# Can't display in 1680x1050 with DVI on Samsung 2253LW/Visiontek Radeon X700



## Drache713 (Jan 3, 2009)

So i've been using an older Visiontek Radeon X700 video card for a while now (256MB, PCI-E, VisionTek Xtasy Radeon X700 (PCI-E, 256MB) specs and Graphics Card specifications - CNET Reviews ), and I just recently upgraded to a Samsung 22" 2253LW LCD monitor. I've been using the VGA/D-SUB/Analog connections for a while and it will display the native solution for the monitor 1680x1050 no problem.

So I decided to get a DVI cable to up the quality, but now it doesn't display right. I can adjust the screen resolution in display properties to 1680x1050, but it streches it out past the edge of the monitor and i have to scroll over with the mouse to get to the other parts of the screen that are streched beyond. I check in my ATI Catalyst Control Center and it says the maximum reported resolution for the monitor is now 1280x1064, and when I have my monitor display information about it's resolution it displays 1280x1064, even if I have it set on 1680x1050 in Windows.

I have a Compaq SR2038X with 2 gig RAM running Windows XP SP3, the Visiontek card is 256MB PCI-E. What the hell am I doing wrong? It will display 1680x1050 on analog fine! Do I need a different video card, ie. the maximum resolution the video card can put out for DVI is 1280x1024? Did I get kinda screwed on the monitor and the max resolution it can handle/accept for DVI is 1280x1024 despite it's ability to display 1680x1024 in analog, so I would need a new monitor? Am I missing something? I downloaded all the latest drivers for the card and everything I could find, I just want to get things to work in 1680x1024 for DVI!


----------



## newamerikangospel (Jan 3, 2009)

on the monitor choice. Best investment I have personally made


And did you install the samsung software? It may be a setting in there. I didn't install it, and I have no problems. Maybe try that.


----------



## djpharoah (Jan 3, 2009)

Have you installed the Samsung Software? It sometimes is neccessary on some of their LCDs - had similar problems when I upgraded my workstation at work with dual 22"s from Samsung. Initially my Quadro card wouldn't get them to run at their native resolution - solved it with their software.


----------



## Drache713 (Jan 3, 2009)

I installed the latest Samsung drivers...


----------



## thesimo (Jan 3, 2009)

seems ur catalyst driver is mis-detecting the res ur monitor is capable of. What u wanna do is make sure your at a refresh rate of 60 (higher will limit resolutions on some monitors) 

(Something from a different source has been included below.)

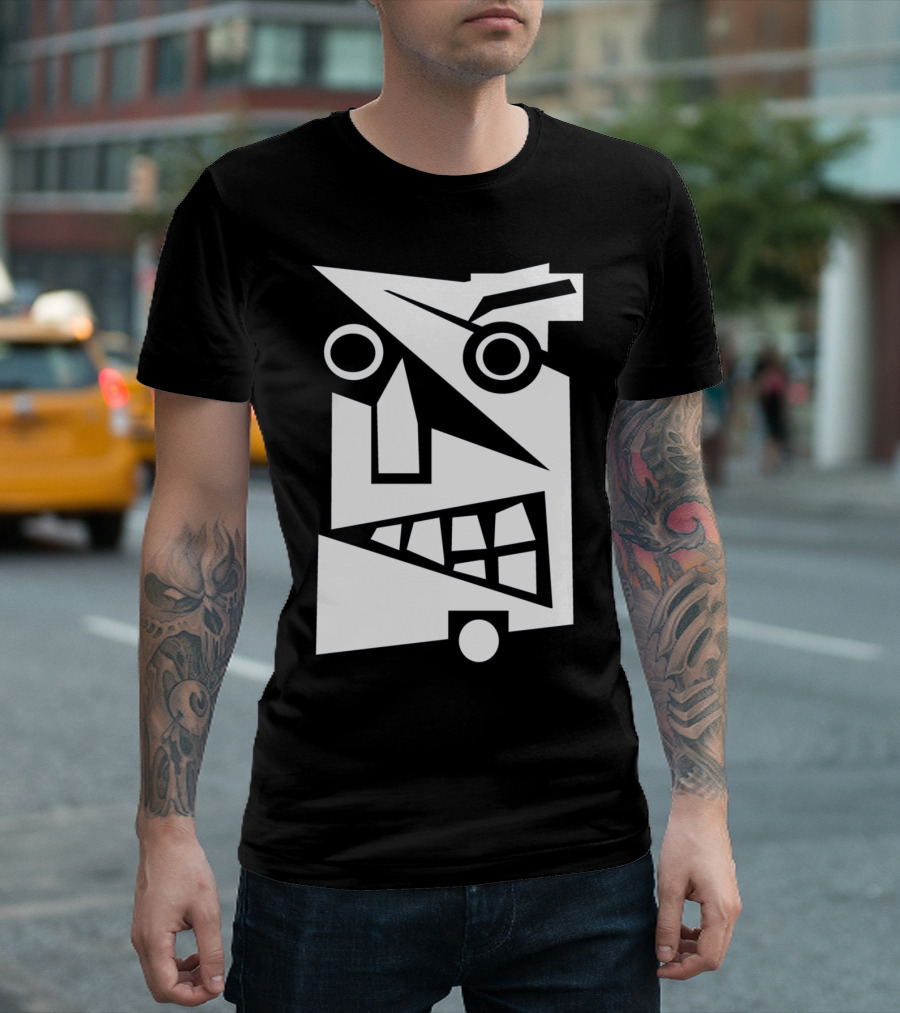 Grumpy Old Man Abstract Expression Face T-Shirt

If thats still not working, remove all monitors from the device manager and reboot blabla, if its still not detecting it correctly there might be another issue.

also when your in that funny scrolling desktop mode, bring up the settings on the monitor and see what resolution it says its displaying (itll be in the info somewhere)


----------



## Drache713 (Jan 3, 2009)

thesimo said:


> seems ur catalyst driver is mis-detecting the res ur monitor is capable of. What u wanna do is make sure your at a refresh rate of 60 (higher will limit resolutions on some monitors)
> 
> If thats still not working, remove all monitors from the device manager and reboot blabla, if its still not detecting it correctly there might be another issue.
> 
> also when your in that funny scrolling desktop mode, bring up the settings on the monitor and see what resolution it says its displaying (itll be in the info somewhere)


So i uninstalled everything from ATI/Catalyst, did a driver sweeper and all that, removed all monitor drivers, I re-installed all the ATI/Catalyst drivers, reinstalled the monitor drivers from Samsung....it's still doing the same thing. Displays fine for 1680x1050 on analog, limits the resolution to 1280x1024 on digital. Setting the digital resolution to 1680x1050 makes the display larger than the monitor and i have to move the mouse past the screen to scroll it and see the entire image. Hopefully it's just time for a new video card, and not that the monitor is unable to display 1680x1050 in digital mode... 

I also made sure the refresh rate is set at 60hz. When in analog the monitor says it is displaying 1680x1050 resolution, when in digital the monitor says it is displaying 1280x1024 resoultion.


----------



## thesimo (Jan 4, 2009)

the resoluton your talking about isnt actually on the supported list for that graphics card, so perhaps when you were running it over vga it was actually higher and the monitor scaled it down to fit?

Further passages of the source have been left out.